WIP: POC of a new Catalog Github Module

Question

WIP: POC of a new Catalog Github Module

taras opened this issue 2 years ago · comments

Motivation

The current @backstage/plugin-catalog-backend-module-github is a mix of processors that evolved gradually because existing processors didn't satisfy all of the use cases. The result is a mishmash of functionality. It takes a non-trivial effort to figure out what each processor does and its limitations. As a result, each organization integrating with Github creates its version of GitHub processors. Instead, we want to have a consistent, predictable, and flexible plugin.

In this issue, I will define requirements for a POC for a new Github Plugin. We will use this POC to create an RFC in Backstage to introduce a more robust Github integration for Backstage.

Detailed Design

The new plugin will use architecture principles and a new naming convention.

Architecture Principles

A location and its URL is a root of a processing pipeline

Backstage catalog's ingestion pipeline aggregates and relates information from external systems. Backstage is responsible for processing data from a growing number of external integrations. As the number of integrations grows, so does the latency in the ingestion pipeline. An efficient ingestion pipeline aims to keep data up to date with as little latency as possible.
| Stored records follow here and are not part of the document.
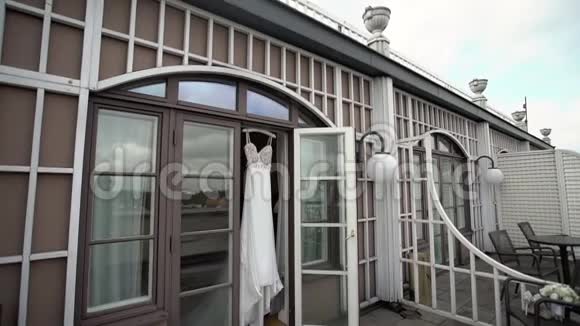 阳台上的新娘礼服视频的预览图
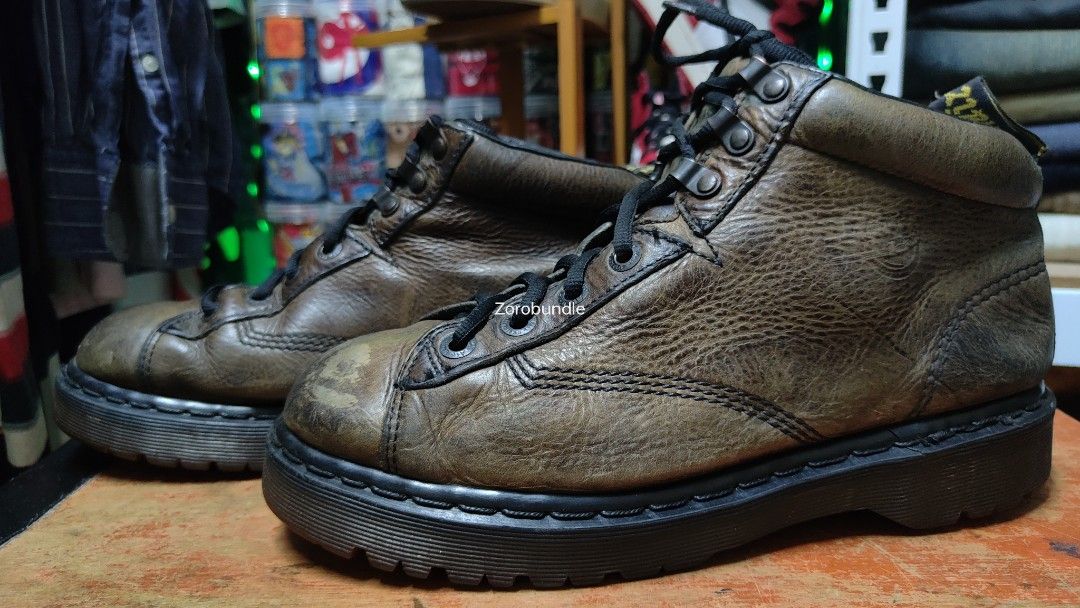 Boots deals dr martin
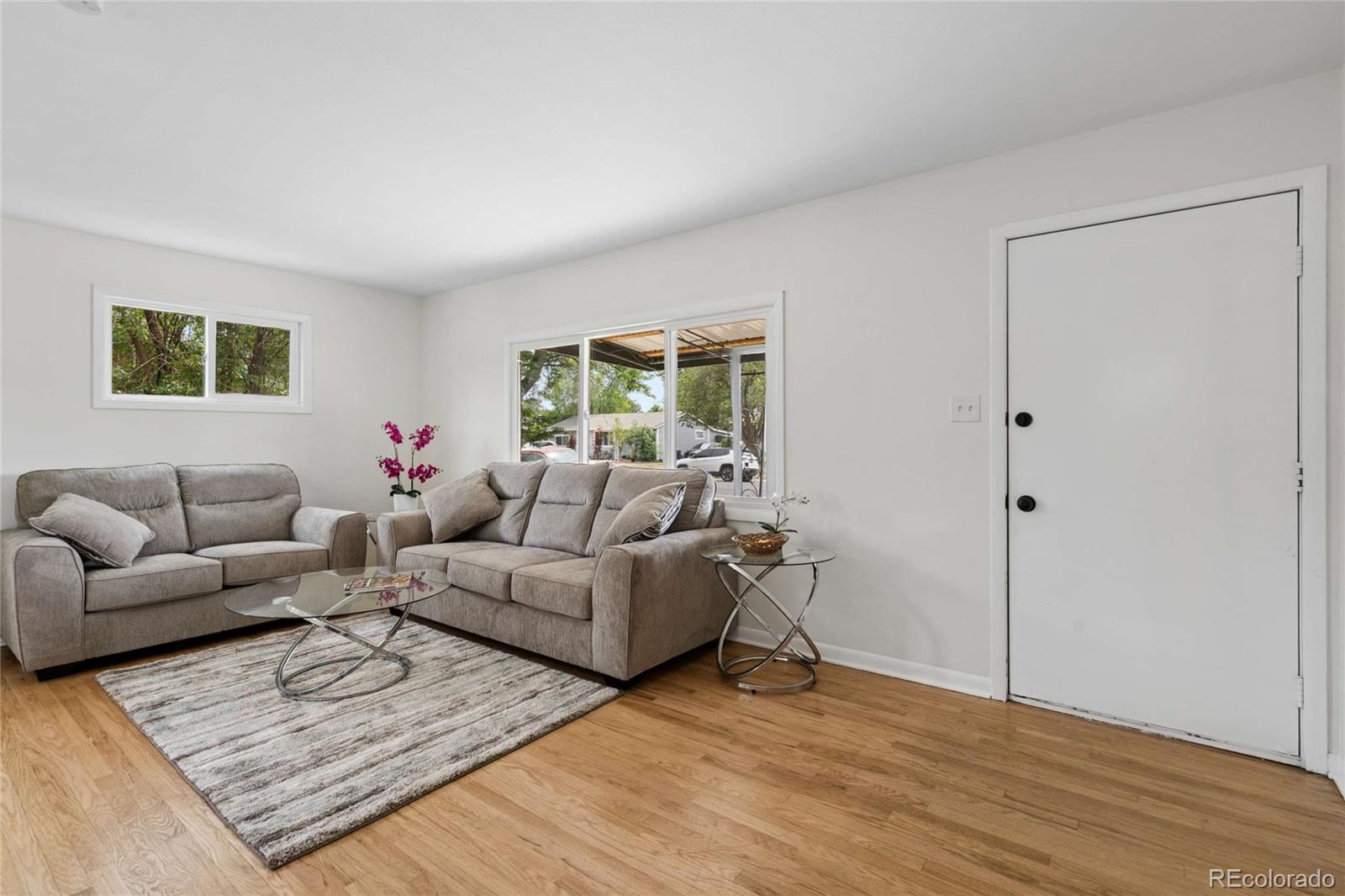 MLS Image #5 for 1510 s yates street,denver, Colorado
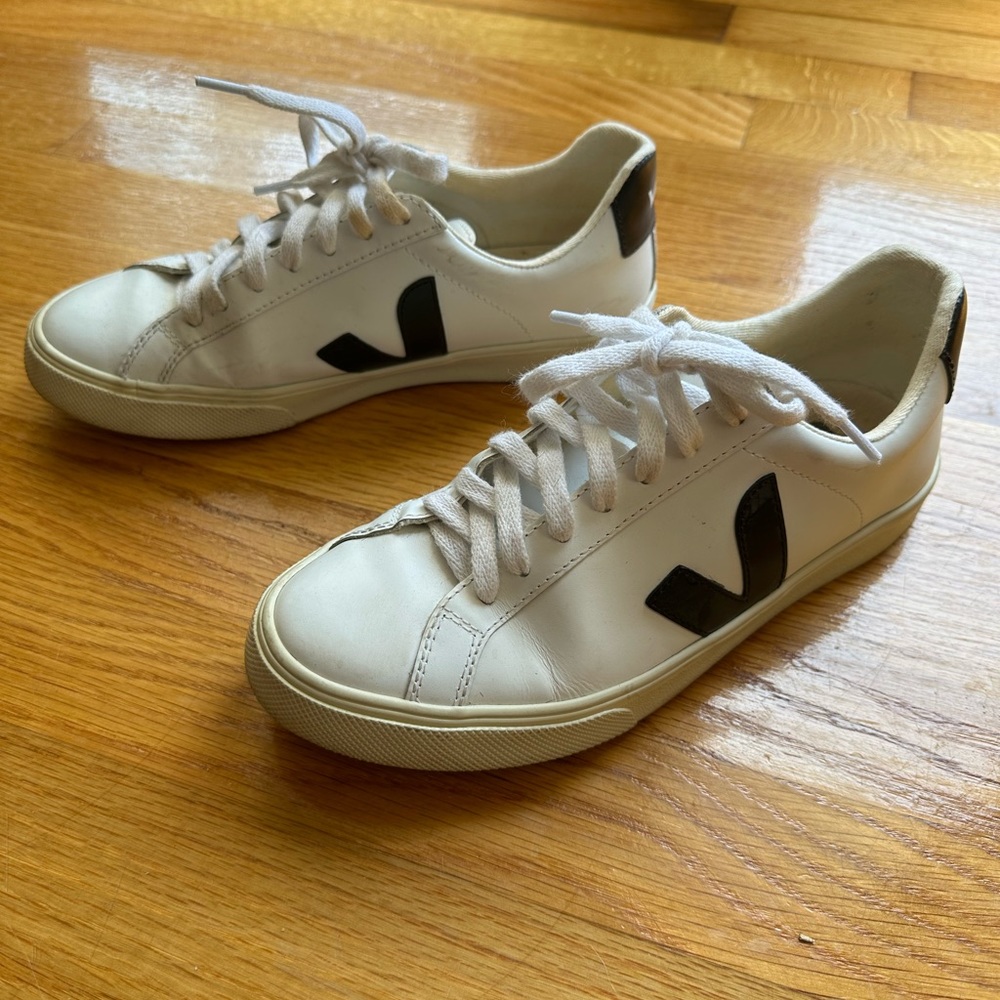 Veja sneakers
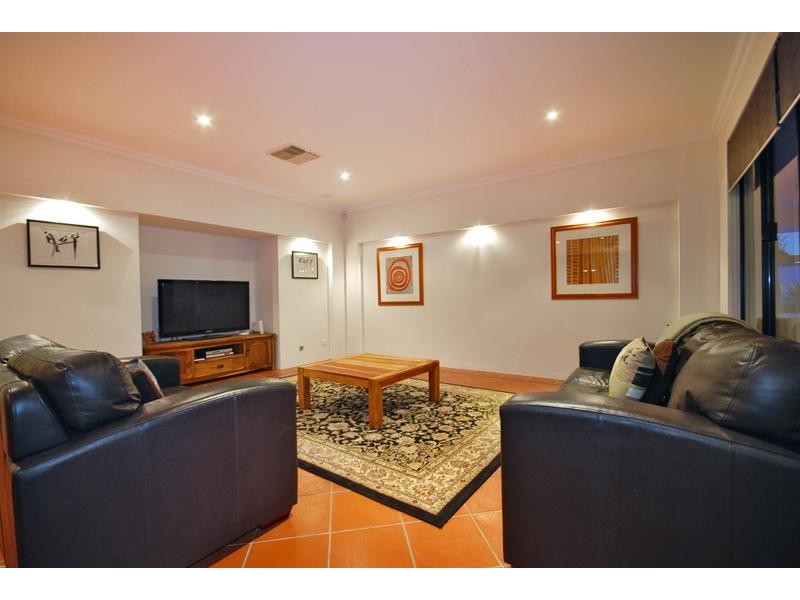 4 Jindare Loop, Carramar WA 6031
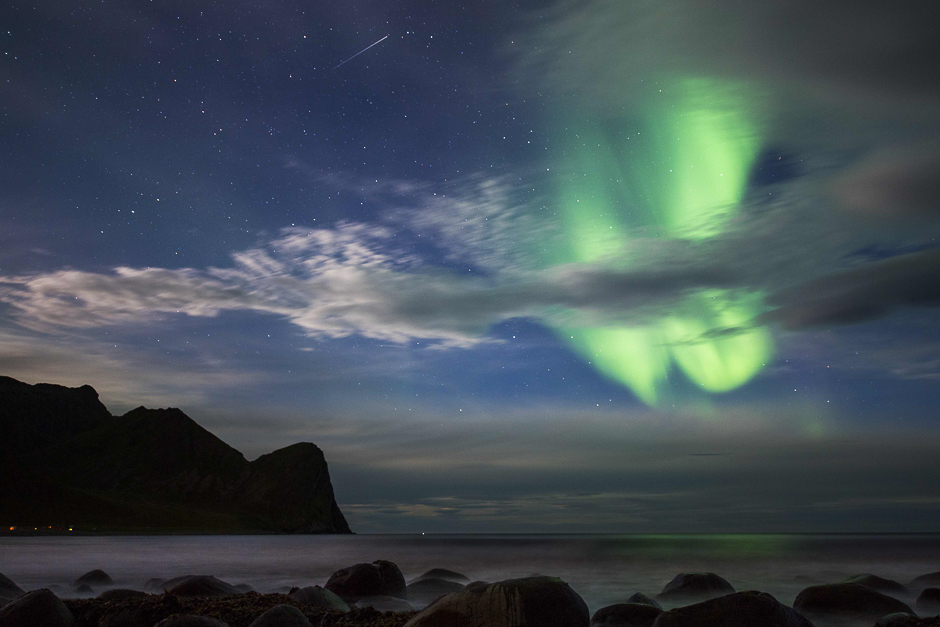 Northern lights ( aurora borealis ) illuminate the sky over the beach of Flakstad, on Lofoten Islands, Arctic Circle. PHOTO: AFP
To keep the processing latency down, the developers writing processors must design their processors to allow Backstage to optimize the processing. Backstage can optimize processing with caching and parallelization. Caching in Backstage processors is scoped to a location. Likewise, paralyzation is performed by concurrently processing locations. To reduce latency in the ingestion pipeline, developers must ensure that their processors can cache and paralyze processing based on a location. One sure way to increase the performance of your ingestion pipeline is by designing your ingestion to utilize locations.

Consider the following use case: we want to ingest all of the repositories of a Github Organization and show who's contributing to these repositories. We could write a processor that fetched a list of all repositories for the organization, iterated over returned repositories, and fetched all contributors for each repository. We would then emit each repository, relationship between repository and users, followed by inverse relationships to mark what repositories a user is contributing to.

This is a lot of work that needs to happen in a single processing job. If we encounter an error, the entire job can fail. If we handle the error gracefully, the entire job will get delayed. To improve the performance and resilience of this job, we can break it up into multiple smaller jobs by emitting a location for each repository.

The result is new locations in the catalog that can be paralyzed by the processing engine and processing of each location can be cached.

Naming Conventions

Discovery processors emit locations

Locations being such an important part of an efficient processing pipeline, it's important that we highlight where locations are created. Having a dedicated processor for emitting locations makes that very clear. The convention that I'm proposing is to designate the Discovery prefix to mean processors that emit locations. For example, GithubOrganizationDiscoveryProcessor would emit Github Organization locations. Likewise, GithubRepositoryDiscoveryProcessor would emit repositories that are owned by the organization or user.

Relevant Links

Discussion on naming convention in Backstage Discussions

Taras Mankovski · Answer 1 · Fri Apr 01 2022 01:42:11 GMT+0800 (China Standard Time)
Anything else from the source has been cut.